FBI Las Vegas warns of increase in sextortion schemes targeting young boys
LAS VEGAS, Nev. (FOX5) - The FBI Las Vegas Field Office is warning of an increase in sextortion schemes targeting young boys.
According to a news release, the agency is receiving an increase number of reports of adults posing as young girls coercing boys through social media to produce sexual images and videos, and then extorting money from the victims.
The FBI states that “sextortion begins when an adult contacts a minor over any online platform used to meet and communicate, such as a game, app, or social media account. In a scheme that has recently become more prevalent, the predator (posing as a young girl) uses deception and manipulation to convince a young male, usually 14 to 17 years old, to engage in explicit activity over video, which is then secretly recorded by the predator.” Authorities say that the predator then reveals that they made recordings and attempts to extort the victim for money in order to prevent the footage from being posted online.
The FBI warns that sextortion is a crime, and the coercion of a child by an adult to produce what is considered Child Sexual Abuse Material (CSAM) carries strong penalties, which can include up to life sentences for the offender.
“The most effective way to disrupt these criminals is through awareness, education, and having important discussions with your children about their online safety,” said Acting Special Agent in Charge W. Mike Herrington “Frightening young victims through social media and using the anonymity of the Internet to hide will never be tolerated by the FBI. Parents, please talk to your children about the dangers of the Internet and social media and make it clear to them that they are not to blame if they fall victim to a predator.

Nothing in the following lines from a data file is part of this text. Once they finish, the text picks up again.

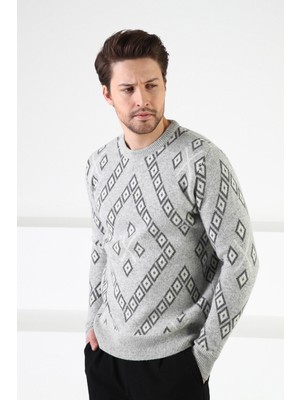 Ferraro A.gri Kare Desenli Bisiklet Yaka %100 Kuzu Yünü Erkek Kazak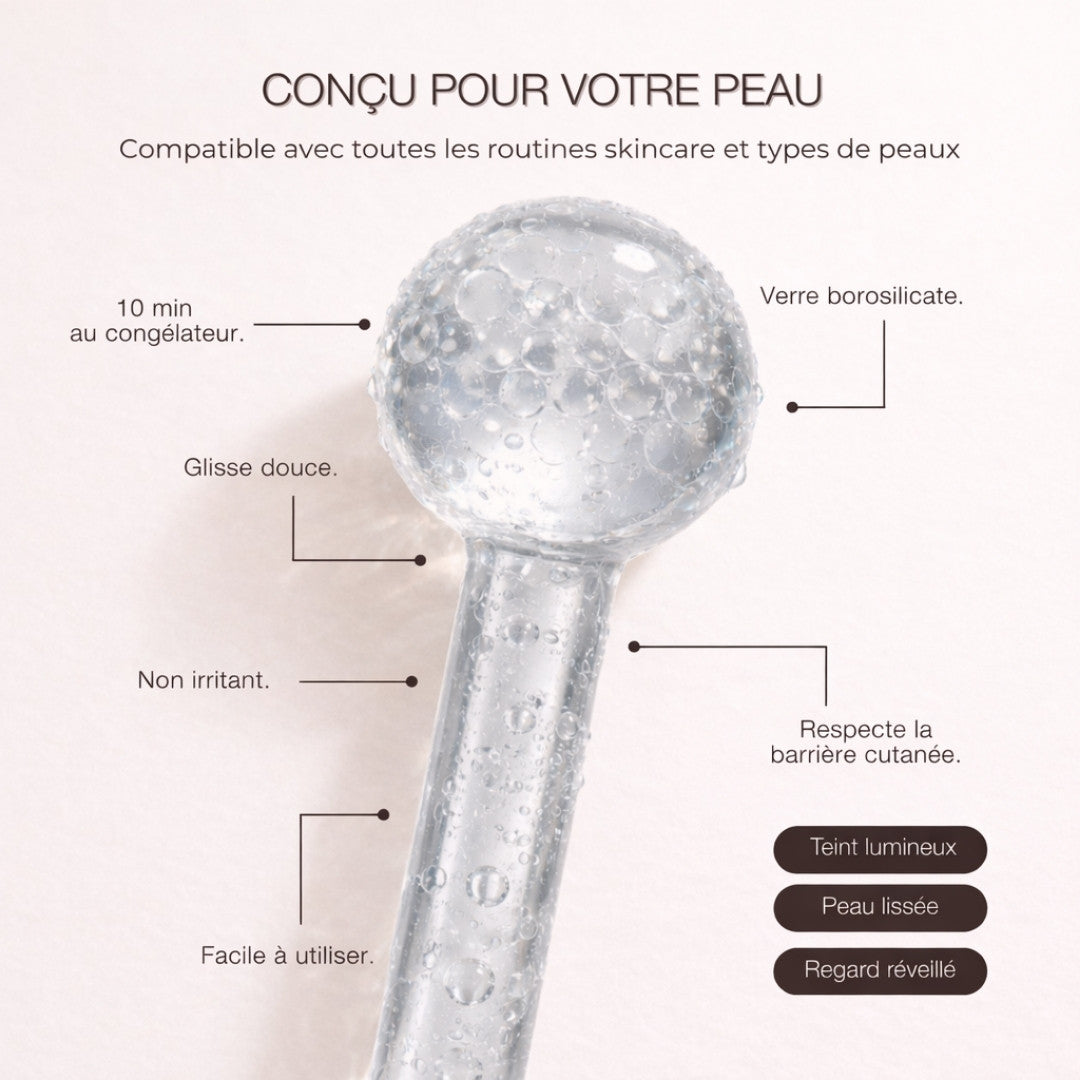 Ice Globes Method Skin en verre borosilicate – massage visage à froid pour peau lissée, teint lumineux et regard réveillé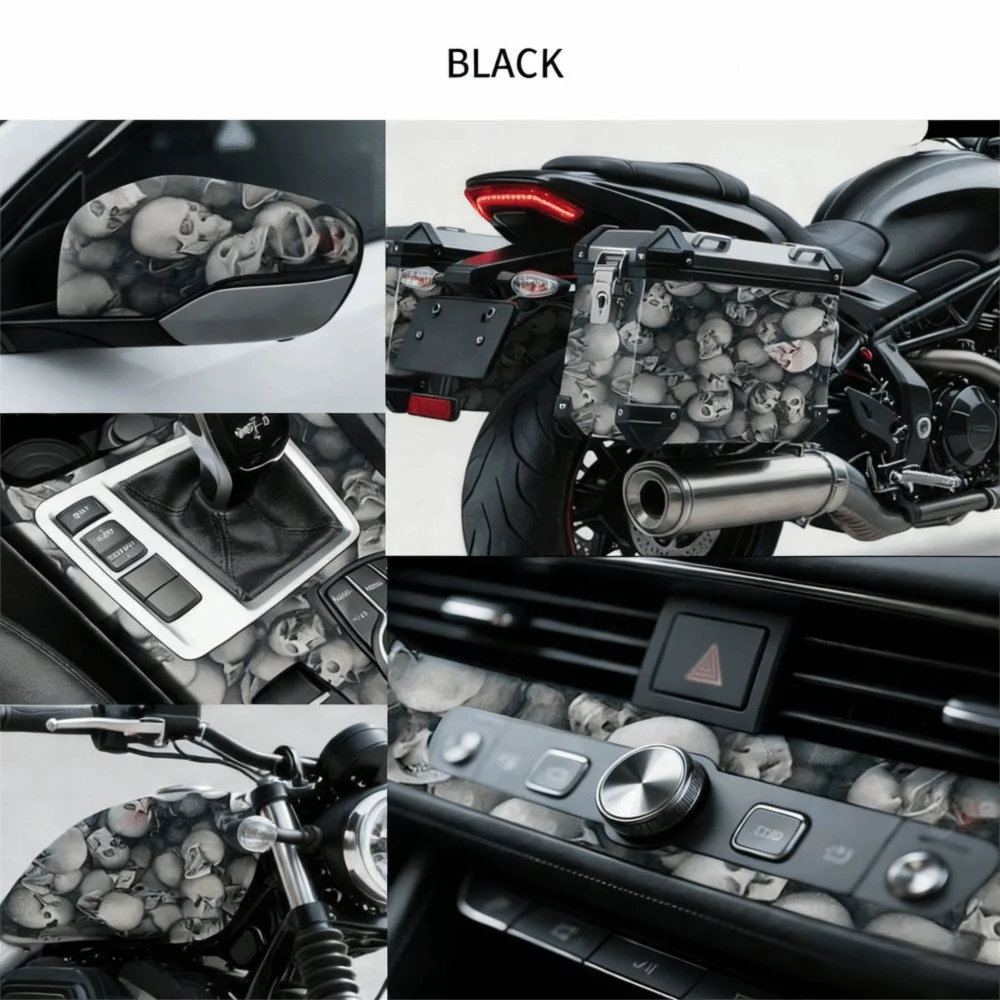 

Новая виниловая пленка для оклейки автомобилей 150*30 см, с рисунком черепа, для декора кузова, автомобильные аксессуары для улицы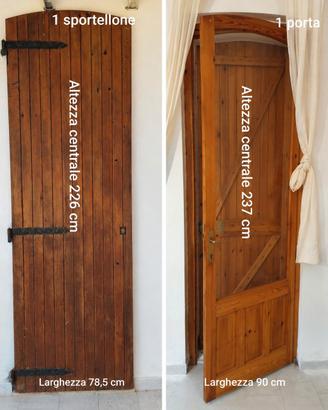 COPPIA DI PORTE IN LEGNO - SPORTELLONE E PORTA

The FBI, along with our law enforcement partners are dedicated to ensuring children are protected from online predators.”
The FBI provided the below tips for parents and caregivers:
Tips to protect you and your children online:
- Be selective about what you share online, especially your personal information and passwords. If your social media accounts are open to everyone, a predator may be able to figure out a lot of information about you or your children.
- Be wary of anyone you encounter for the first time online. Block or ignore messages from strangers.
- Be aware that people can pretend to be anything or anyone online. Videos and photos are not proof that a person is who they claim to be.
- Be suspicious if you meet someone on a game or app and they ask you to start talking to them on a different platform.
- Encourage your children to report suspicious behavior to a trusted adult.
If you believe you or someone you know is the victim of sextortion:
- Contact your local FBI field office (contact information can be found at www.fbi.gov), the FBI’s Internet Crime Complaint Center (IC3) at www.ic3.gov, or the National Center for Missing and Exploited Children (1-800-the-lost or Cybertipline.org).
- Do not delete anything before law enforcement is able to review it.
- Tell law enforcement everything about the encounters you had online; it may be embarrassing, but it is necessary to find the offender.